# colors in photoshop...



## wxnut (Aug 18, 2008)

So I edit my photos in CS2 to look like I want them to look. After I post them to the net and look at it on the same monitor, it looks dull and the colors just do not pop like it looked while open in CS2. Are their some settings I messed up somewhere?

I start out RAW, edit, save as a jpg, then upload it to my server. 

Thank you for your time,

Doug Raflik


----------



## prodigy2k7 (Aug 18, 2008)

After you save them from CS2, open them in windows picture viewer, do the colors look the same, then different after you post them online? The online uploader may be reducing the quality. I dont know much about color spaces, someone else may provide a better explanation


----------



## wxnut (Aug 18, 2008)

When opened up with other graphic programs, they look like I described, (dull) so it seems to be a photoshop problem.


----------



## tempra (Aug 18, 2008)

Set your colour space to sRGB in photoshop, it's probably set to adobe RGB which displays great in PS but dull and horrible on the net - most browsers will only support sRGB, so edit in that.


----------



## wxnut (Aug 18, 2008)

That was it!!! Thanks. Question now is will this effect my prints when I send them to the lab?


----------



## tempra (Aug 18, 2008)

wxnut said:


> That was it!!! Thanks. Question now is will this effect my prints when I send them to the lab?



It's probably worth asking your lab what colour space they use, lots of them use sRGB or their printers convert the files to sRGB before printing.

If they use a different colour space, then you would have to create two separate files, but whichever one, you can convert them in PS to whatever colour space you require (as long as it's installed) then export them to a print file.


----------



## Garbz (Aug 18, 2008)

It's a colour management issue. sRGB is a standard.
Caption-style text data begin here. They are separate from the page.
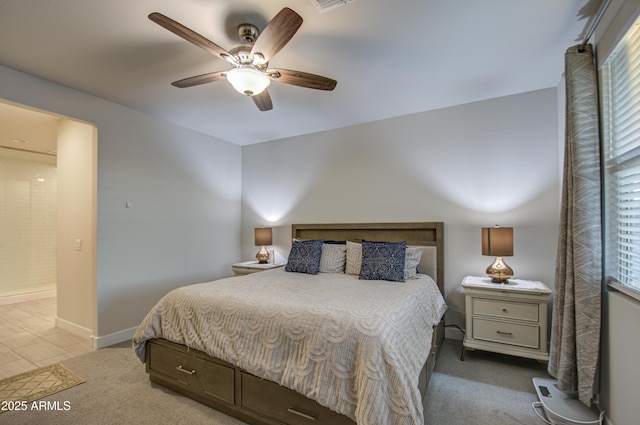 bedroom featuring baseboards, a ceiling fan, and light colored carpet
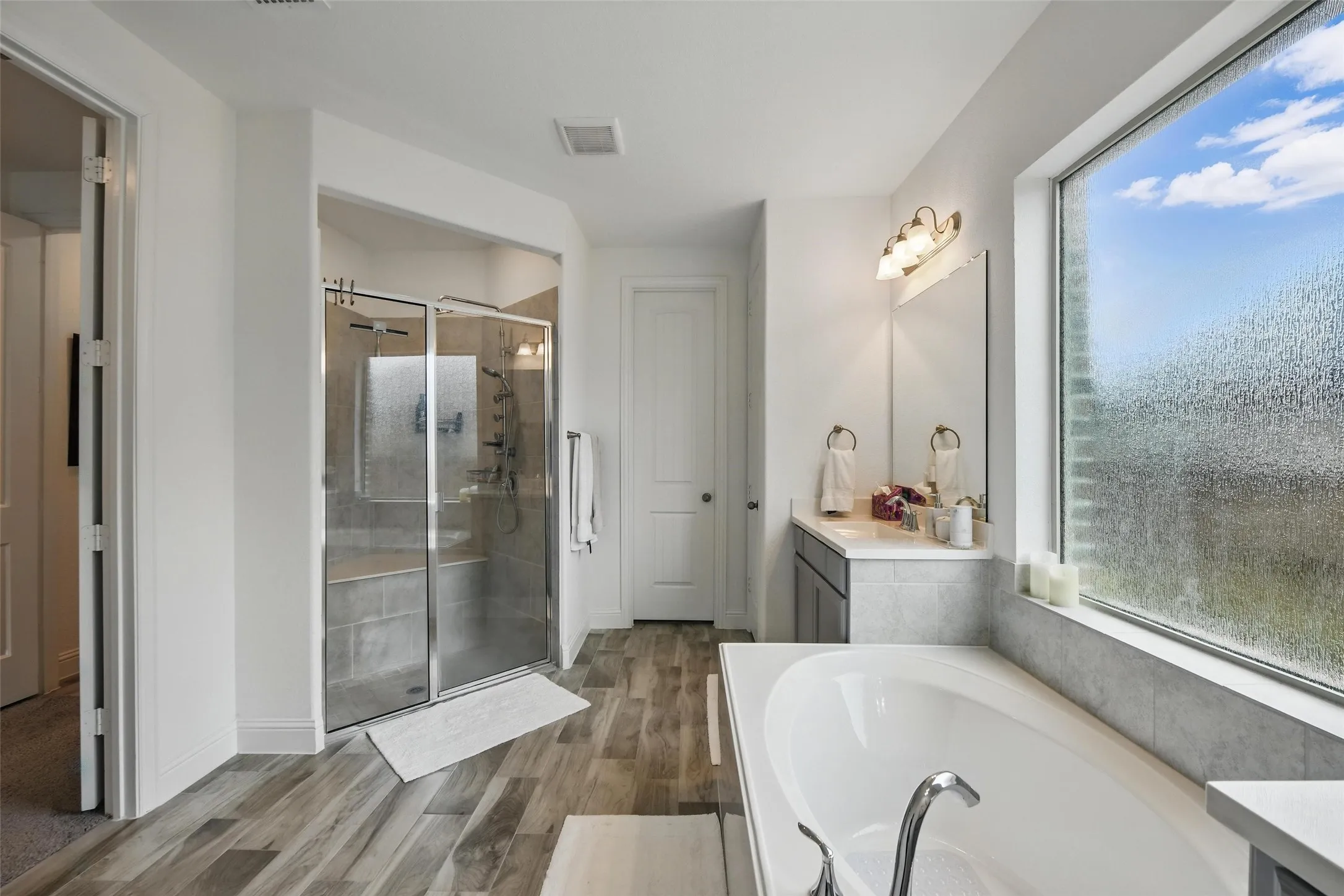 With garden tub, walk-in shower, and separate vanities.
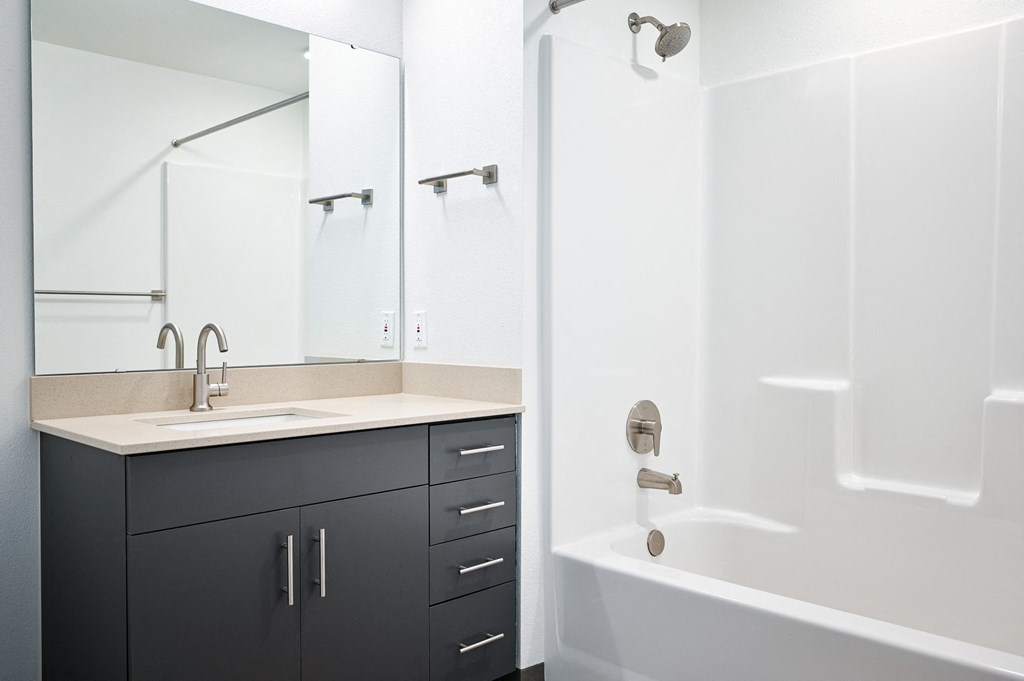 A white bathroom with a sink and a bathtub.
If a lab is not setup to read IEC profiles directly out of the file then they will assume it is sRGB.

Generally if you want to avoid a colossal headache then in camera raw (or in the camera depending on where you get your files from) set it to sRGB and not AdobeRGB, and then ignore it. Otherwise it's a lot to learn, and a lot of steps during the process to get right.


----------



## Dmitri (Aug 18, 2008)

Good answers. Some questions

1: Is there a way to set the default to sRGB in Raw or PS? I couldn't seem to find any way to do this.
*EDIT*: Nevermind. I just found out that after setting one to sRGB, it becomes the default.
2: I also spotted in Raw to use photos at 16 bits instead of 8 bits. I know 8 bits is highest for internet, but does 16 or 8 matter when printing?

Any other tips


----------



## tempra (Aug 18, 2008)

16 bit will give you maximum amount of colours and information, this helps when you are post processing.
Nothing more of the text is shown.